A cerimônia, realizada em Katmandu, marcou a substituição da Kumari anterior, hoje com 11 anos, que perdeu o status divino ao atingir a puberdade — momento em que, segundo a tradição, a divindade abandona o corpo da jovem
O que é ser Kumari

A palavra Kumari significa “virgem” ou “princesa” no sânscrito. Trata-se de uma tradição secular, especialmente preservada entre a comunidade Newar do vale de Katmandu, que reconhece nas meninas escolhidas a presença da deusa Taleju.
Para serem selecionadas, as candidatas precisam ter entre 2 e 4 anos, apresentar pele, cabelos e dentes impecáveis e não demonstrar medo do escuro — critério que simboliza coragem precoce.
A Kumari passa a viver no Kumari Ghar, um palácio-templo no coração da capital nepalesa, de onde sai em raríssimas ocasiões, geralmente em festivais e procissões públicas.
A nova deusa Aryatara Shakya

Aryatara foi conduzida por familiares de sua casa até o templo em um cortejo acompanhado por fiéis e autoridades religiosas. Vestida de vermelho, com o tradicional coque no cabelo e o “terceiro olho” pintado na testa, a menina foi entronizada sob forte emoção popular.
“Ontem ela era apenas minha filha, hoje é uma deusa”, declarou seu pai, Ananta Shakya, à imprensa internacional.

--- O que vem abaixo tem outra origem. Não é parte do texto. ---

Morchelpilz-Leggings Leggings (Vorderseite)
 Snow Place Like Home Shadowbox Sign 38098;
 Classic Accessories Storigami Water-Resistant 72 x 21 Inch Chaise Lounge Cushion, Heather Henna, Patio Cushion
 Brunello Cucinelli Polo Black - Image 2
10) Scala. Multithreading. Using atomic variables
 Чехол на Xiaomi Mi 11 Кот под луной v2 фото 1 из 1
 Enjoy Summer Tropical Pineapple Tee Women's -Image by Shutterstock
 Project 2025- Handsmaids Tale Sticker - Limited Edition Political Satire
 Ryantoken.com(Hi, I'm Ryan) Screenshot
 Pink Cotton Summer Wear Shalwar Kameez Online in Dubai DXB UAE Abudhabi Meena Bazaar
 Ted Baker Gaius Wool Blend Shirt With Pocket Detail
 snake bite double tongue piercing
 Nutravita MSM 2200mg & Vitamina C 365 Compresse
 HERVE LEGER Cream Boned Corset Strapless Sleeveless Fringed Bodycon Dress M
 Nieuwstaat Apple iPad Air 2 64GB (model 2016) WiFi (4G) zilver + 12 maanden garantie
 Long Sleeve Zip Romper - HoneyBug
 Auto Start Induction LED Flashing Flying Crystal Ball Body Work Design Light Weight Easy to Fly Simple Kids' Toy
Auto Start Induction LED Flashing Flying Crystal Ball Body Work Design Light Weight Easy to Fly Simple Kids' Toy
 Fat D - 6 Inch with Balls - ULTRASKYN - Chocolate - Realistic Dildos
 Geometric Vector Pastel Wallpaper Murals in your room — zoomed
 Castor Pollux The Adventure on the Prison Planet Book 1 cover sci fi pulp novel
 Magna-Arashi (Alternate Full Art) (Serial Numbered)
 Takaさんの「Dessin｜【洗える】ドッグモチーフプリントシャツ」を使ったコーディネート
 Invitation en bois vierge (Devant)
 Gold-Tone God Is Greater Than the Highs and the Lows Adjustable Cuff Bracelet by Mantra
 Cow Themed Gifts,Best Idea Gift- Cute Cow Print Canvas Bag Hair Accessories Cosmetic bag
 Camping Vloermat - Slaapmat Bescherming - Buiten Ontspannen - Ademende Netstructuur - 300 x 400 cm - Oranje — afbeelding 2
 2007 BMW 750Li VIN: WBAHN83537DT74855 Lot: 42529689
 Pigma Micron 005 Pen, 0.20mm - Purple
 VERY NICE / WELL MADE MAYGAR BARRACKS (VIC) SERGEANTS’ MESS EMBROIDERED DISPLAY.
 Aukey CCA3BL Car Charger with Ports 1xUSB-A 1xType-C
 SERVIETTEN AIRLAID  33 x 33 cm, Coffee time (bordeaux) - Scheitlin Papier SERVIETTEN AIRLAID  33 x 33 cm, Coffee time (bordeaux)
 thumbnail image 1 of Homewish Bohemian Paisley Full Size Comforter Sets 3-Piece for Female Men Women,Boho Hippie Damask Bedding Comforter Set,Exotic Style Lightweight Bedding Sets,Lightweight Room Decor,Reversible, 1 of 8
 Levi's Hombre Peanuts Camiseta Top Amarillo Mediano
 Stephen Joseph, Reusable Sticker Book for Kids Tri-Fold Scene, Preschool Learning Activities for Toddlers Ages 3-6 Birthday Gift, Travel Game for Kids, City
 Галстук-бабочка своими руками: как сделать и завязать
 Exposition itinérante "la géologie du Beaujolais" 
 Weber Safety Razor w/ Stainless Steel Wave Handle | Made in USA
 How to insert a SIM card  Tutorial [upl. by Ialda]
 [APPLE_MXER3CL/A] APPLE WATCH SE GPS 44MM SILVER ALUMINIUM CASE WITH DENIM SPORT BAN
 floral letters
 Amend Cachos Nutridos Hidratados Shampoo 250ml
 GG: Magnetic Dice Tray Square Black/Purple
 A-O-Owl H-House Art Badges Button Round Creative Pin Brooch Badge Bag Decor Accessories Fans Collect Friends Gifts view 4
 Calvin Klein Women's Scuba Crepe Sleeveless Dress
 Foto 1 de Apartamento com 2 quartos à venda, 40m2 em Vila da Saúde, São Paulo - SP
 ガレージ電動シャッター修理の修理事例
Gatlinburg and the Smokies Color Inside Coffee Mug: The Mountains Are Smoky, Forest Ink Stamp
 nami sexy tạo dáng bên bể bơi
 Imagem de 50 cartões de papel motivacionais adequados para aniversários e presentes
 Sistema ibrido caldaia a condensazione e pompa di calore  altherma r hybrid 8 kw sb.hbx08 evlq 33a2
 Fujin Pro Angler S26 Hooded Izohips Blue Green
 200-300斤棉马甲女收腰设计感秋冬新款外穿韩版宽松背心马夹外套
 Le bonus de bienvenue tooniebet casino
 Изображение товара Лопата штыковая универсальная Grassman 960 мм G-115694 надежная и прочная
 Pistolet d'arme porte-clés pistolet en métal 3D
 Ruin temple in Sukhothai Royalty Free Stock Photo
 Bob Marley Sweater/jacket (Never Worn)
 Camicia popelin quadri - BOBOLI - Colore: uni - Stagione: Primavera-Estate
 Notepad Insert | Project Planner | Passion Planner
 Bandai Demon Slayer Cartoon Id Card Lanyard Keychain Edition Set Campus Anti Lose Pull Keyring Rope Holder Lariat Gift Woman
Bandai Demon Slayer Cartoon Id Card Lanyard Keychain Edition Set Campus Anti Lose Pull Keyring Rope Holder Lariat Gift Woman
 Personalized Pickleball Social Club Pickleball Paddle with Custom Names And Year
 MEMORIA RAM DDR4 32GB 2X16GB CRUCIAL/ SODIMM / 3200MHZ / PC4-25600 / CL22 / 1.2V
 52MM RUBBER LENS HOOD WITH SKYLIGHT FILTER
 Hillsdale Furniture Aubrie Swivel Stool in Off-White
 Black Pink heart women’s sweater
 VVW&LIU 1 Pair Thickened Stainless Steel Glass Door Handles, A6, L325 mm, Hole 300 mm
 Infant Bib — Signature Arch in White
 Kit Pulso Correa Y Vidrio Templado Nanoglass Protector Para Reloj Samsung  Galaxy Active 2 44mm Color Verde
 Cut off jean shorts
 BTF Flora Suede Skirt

Ele contou ainda que a mãe da criança teve sonhos durante a gravidez em que pressentia que a menina teria uma missão espiritual especial.
Vida no isolamento
A condição de Kumari traz prestígio à família, mas impõe sacrifícios à infância. A menina passa a viver em isolamento quase absoluto, recebendo visitas restritas e aparecendo em público apenas em datas religiosas.
Nos últimos anos, reformas culturais e pressões de organizações de direitos humanos trouxeram algumas mudanças: hoje, as Kumaris podem receber aulas particulares dentro do palácio e até assistir televisão. Quando deixam o posto, o governo nepalês oferece uma pensão mensal de cerca de US$ 110 como forma de apoio.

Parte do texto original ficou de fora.